University level courses offer office hours in which students can meet with instructors outside of scheduled class time to get additional help with course materials. Traditionally, these office hours are scheduled in a specific room in which an instructor or group of instructors move around a room and help students in a sporadic manner. While this model works for some courses, it is not one size fits all. Specifically, in courses with a large student to instructor ratio, this model gets too chaotic and difficult to handle, so a more structured and flexible solution is needed.

The Queue is a microservice used by courses to host open office hours. It was designed to be used by courses to remove themselves from the traditional office hours paradigm. It gives a more structured, organized, and simplified approach to office hours. Instead of hosting office hours in a specific room with an unstructured manner of answering questions, instructors can open an online queue system for their course in which students then will add themselves to the queue of questions. Instructors then work down the list of students to answer questions. This allows for much flexibility, as office hours are no longer tied down to a specific location. Questions can be answered strictly in a first come-first serve basis. Students can also see how many questions are unanswered, allowing them to decide if they have the time to come to office hours without physically going there beforehand to get that information. From an analytics perspective, the queue can allow for a course to analyze data about their office hours, for example figuring out the busiest times and staffing those times accordingly.

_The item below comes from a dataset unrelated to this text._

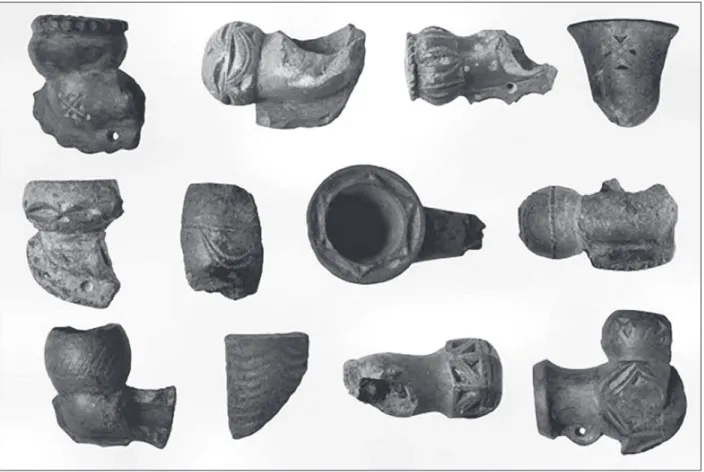 Figura 5. Alguns fragmentos de cachimbos encontrados no sítio Macacu IV. Foto: Beto Barcellos.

During the first year of using the queue, interesting uses have arisen from giving users access to a digital queuing tool. Beyond large classrooms, instructors are using the queue as a means of facilitating active learning inside the classroom, advising offices are using it to organize and streamline drop-in advising, and courses are using the queue as a reservation system for one-on-one tutoring sessions.

As the growth of the queue continues at the University of Illinois, several research projects are exploring the impact of the use of a digital queue in place of traditional office hours, the use of the queue in office hours, and interesting trends of data collected as part of the use of the queue in over nearly a dozen courses at Illinois.